◆ **Problem to solve**: What's needed is an exact copy of the lines from the one that contains "Ginisang Baguio BeansSauteed" to the end of the data below, leaving the pictures out.

[[ Materials provided open ]]

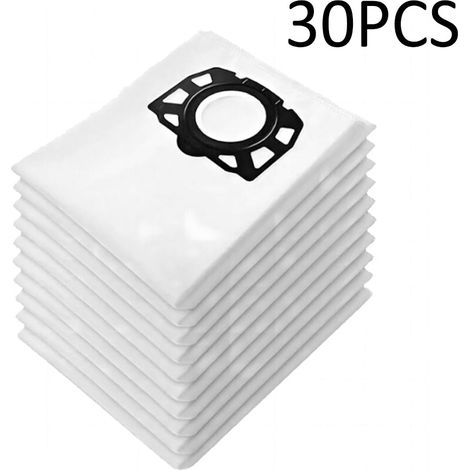 Lot de 30 Sacs pour Aspirateur Karcher wd4 wd5 wd6 mv4 mv5 mv6 Sac d'aspirateur lavable (1/4)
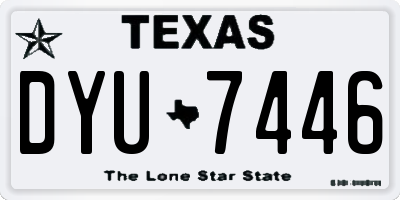 TX license plate DYU7446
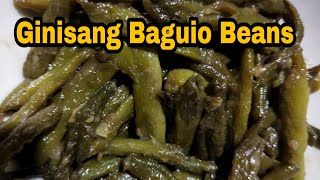 Ginisang Baguio BeansSauteed Baguio BeansEasiest Way to Cook Baguio BeansPanlasang Pinoy [upl. by Kleper36]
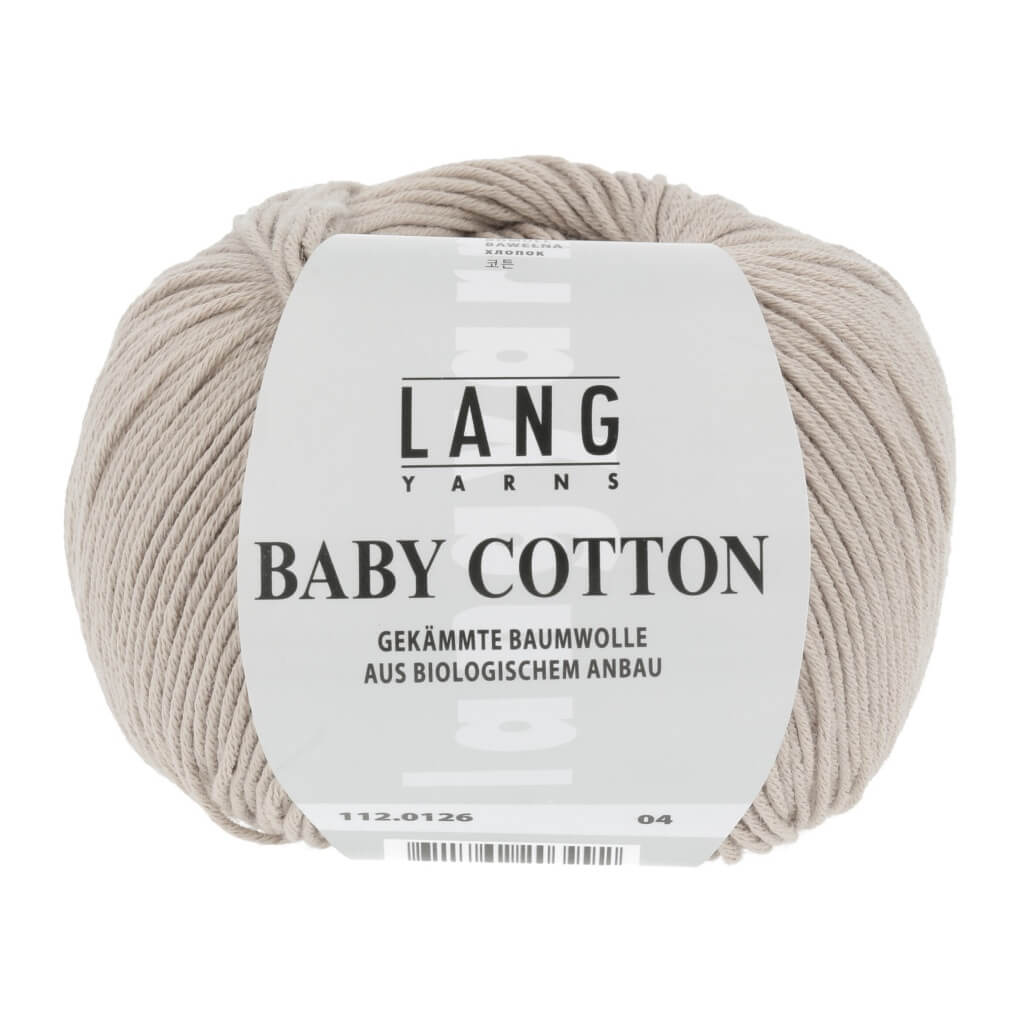 Lang Yarns Baby Cotton 50g, Farbe 112.0126 Beige – Baumwolle bei Lieblingsgarn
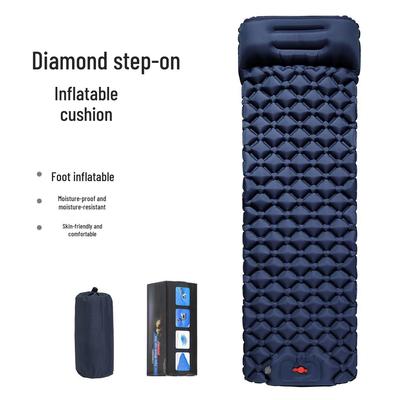 TPU Inflatable Foot-Pumped Camping Pad: Lightweight Outdoor Air Mattress, Moisture-Proof for Mountaineering and Naps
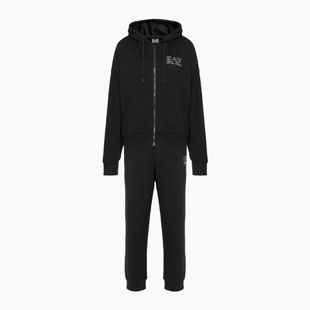 Dres damski EA7 Emporio Armani Train Visibility Tracksuit HO CH FZ black/gold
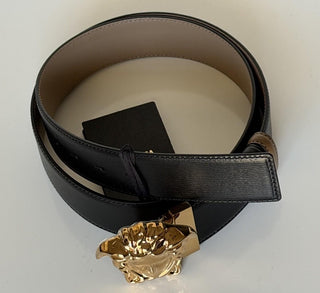 Versace Medusa-Buckle Reversible Leather Black/Brown Belt 90 (36) 1010325 NWT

[[ Materials provided closed ]]

◆ **Response**:
 Ginisang Baguio BeansSauteed Baguio BeansEasiest Way to Cook Baguio BeansPanlasang Pinoy [upl. by Kleper36]
 Lang Yarns Baby Cotton 50g, Farbe 112.0126 Beige – Baumwolle bei Lieblingsgarn
 TPU Inflatable Foot-Pumped Camping Pad: Lightweight Outdoor Air Mattress, Moisture-Proof for Mountaineering and Naps
 Dres damski EA7 Emporio Armani Train Visibility Tracksuit HO CH FZ black/gold
 Versace Medusa-Buckle Reversible Leather Black/Brown Belt 90 (36) 1010325 NWT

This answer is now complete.